* Victor Nogueira
A ideia e a prática da INFERIORIDADE "CONGÉNITA" FEMININA DA MONARQUIA, DA 1ª REPÚBLICA E DO FASCISMO EM PORTUGAL ainda persistem no Portugal de Abril ? E SE PERSISTEM, porque persistem e A QUEM APROVEITAM, apesar das mulheres serem metade da população e como mães, avós ou irmãs serem co-responsáveis pela educação ... dos homens e das mulheres ?
Alguém teria interditado o Marquês de Marialva por "frequentar" a fadista Severa nos tugúrios lisboetas ou os filho-família e seus "honrados" papás por terem amantes, mesmo com casa posta, ou por engravidarem camponesas, criadas de servir, operárias ou assalariadas rurais, na maioria dos casos "abandonando" os flhos dessa relação e "condenando" as mães ao desemprego, à miséria ou à prostituição e ao "fado" das vielas e do "bas-fond"?
Na sequência da minha nota AS PÚBLICAS VIRTUDES E OS VÍCIOS PRIVADOS, COMME IL FAUT
https://www.facebook.com/photo.php?fbid=10202876602061465&set=a.1124829846327.2019339.1394553665&type=1&theater
acrescento o seguinte:
Como refiro no meu texto a preocupação radicava-se no facto do regime fascista e não só considerarem a mulher como ser incapaz de autonomia e autodeterminação pessoais, carecendo da tutela masculina - do pai, dos irmãs, dos maridos - não podendo estes estar económicamente dependentes da esposa. Aliás e como digo isso sucedia em todas as classes sociais.
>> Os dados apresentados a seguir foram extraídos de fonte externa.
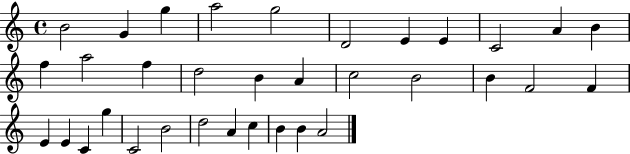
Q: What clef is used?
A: treble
Sendo ambos engenheiros, a minha mãe carecia por imperativo legal de "autorização" ou não oposição do marido para actos que no final refiro.
Isto tem a ver apenas com a subordinação da mulher ao homem, que aliás se verificava também durante a 1ª república. Carolina Beatriz Ângelo (1878 - 1911), médica e feminista portuguesa, foi a primeira mulher a votar aproveitando-se duma lacuna da legislação eleitoral, legslação que foi alterada para impedir que tal voltasse a suceder.
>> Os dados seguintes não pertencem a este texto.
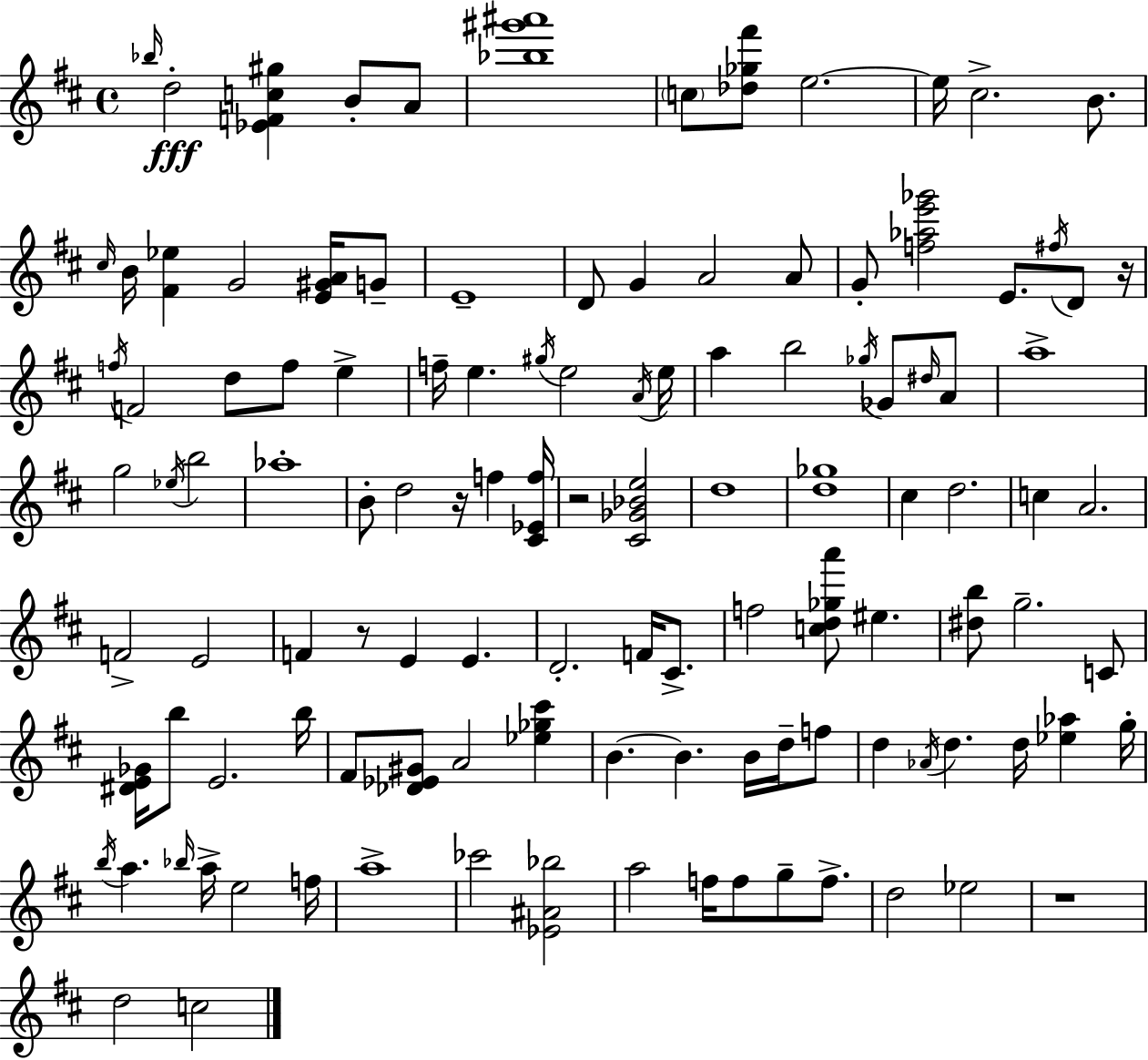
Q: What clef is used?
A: treble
E não se tratava de impedir "miséria sobre miséria", pois no texto refiro o caso de Maria Adelaide Coelho, herdeira e filha de Eduardo Coelho, fundador do Diário de Notícias, cuja fortuna era administrada pelo marido.
«Em 13 de Novembro de 1918 desencadeou-se um grande escândalo quando a esposa, e herdeira da maioria das empresas que ele administrava, resolveu, sem aviso prévio, abandonar a casa . Foi então revelado que Maria Adelaide, com 48 anos de idade, se apaixonara pelo motorista da família {Manuel Cardoso Claro], 20 anos mais novo, e partira com ele para um esconderijo.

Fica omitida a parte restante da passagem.